All the prometheus components are available as pre-built binaries.

Fetch and unpack the latest release from the releases page. You should go here first and then replace the “XX” and the “Y” below in the link with the current Prometheus version number that is listed on the releases page (scroll down a bit to find the link).

You should do these exercises as the root user on your srv1.campusX.ws.nsrc.org box. Start by connecting to your box, then:

$ sudo -s
# cd /root

Then do,

# wget https://github.com/prometheus/prometheus/releases/download/v2.20.1/prometheus-2.XX.Y.linux-amd64.tar.gz
# tar -C /opt -xvzf prometheus-2.XX.Y.linux-amd64.tar.gz
# cd /opt

This may take a few minutes depending on your network speed.

Create a symbolic link from /opt/prometheus pointing to the version you downloaded (this makes it easier to upgrade and switch between versions).

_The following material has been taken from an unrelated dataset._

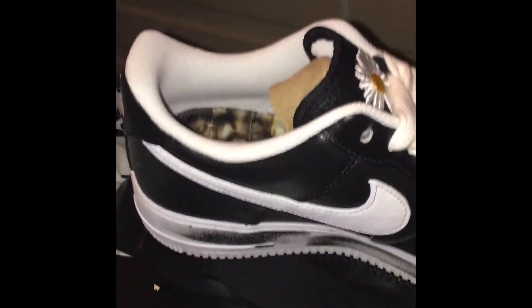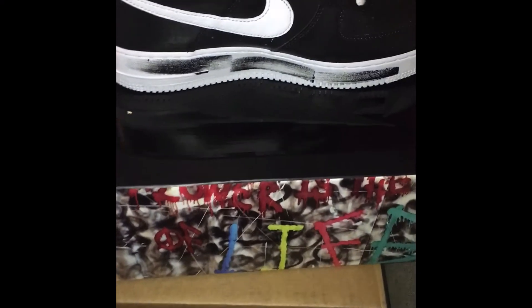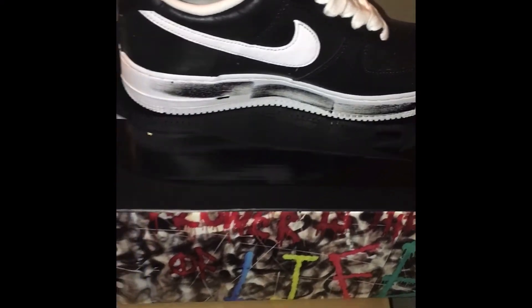Straight fire. Got the flower on top, inside it's crazy. Wow, see the little smear — the artwork. This is just art.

Remeber to replace “XX” and “Y” with the version of prometheus you have downloaded.

If the prometheus link already exists and you are upgrading remove it first:

# rm prometheus

Then,

# ln -s prometheus-2.XX.Y.linux-amd64 /opt/prometheus

The logical link allows us to create systemd unit file without needing to update it each time we upgrade Prometheus.

Stop here if you are upgrading and go to the Start prometheus section

If you are installing Prometheus for the first time, then create a user for prometheus to run as, and a data directory:

# useradd --system -d /var/lib/prometheus prometheus
# mkdir /var/lib/prometheus
# chown prometheus:prometheus /var/lib/prometheus

Use a text editor to create a systemd unit file /etc/systemd/system/prometheus.service with the following contents:

[Unit]
Description=Prometheus Server
Documentation=https://prometheus.io/docs/introduction/overview/
After=network-online.target

[Service]
User=prometheus
Restart=on-failure
RestartSec=5
TimeoutStopSec=300
WorkingDirectory=/opt/prometheus
EnvironmentFile=/etc/default/prometheus
ExecStart=/opt/prometheus/prometheus $OPTIONS
ExecReload=/bin/kill -HUP $MAINPID

[Install]
WantedBy=multi-user.target

Tell systemd to read this new file:

# systemctl daemon-reload

Also create an options file /etc/default/prometheus with the following contents:

OPTIONS='--config.file=/etc/prometheus/prometheus.yml --storage.tsdb.path=/var/lib/prometheus/data/ --storage.tsdb.wal-compression --web.external-url=http://srv1.campusX.ws.nsrc.org/prometheus'

(Adjust campusX as appropriate). One of the consequences of this is that the prometheus API will response to /prometheus instead of /, which allows us to proxy easily from the Apache web server.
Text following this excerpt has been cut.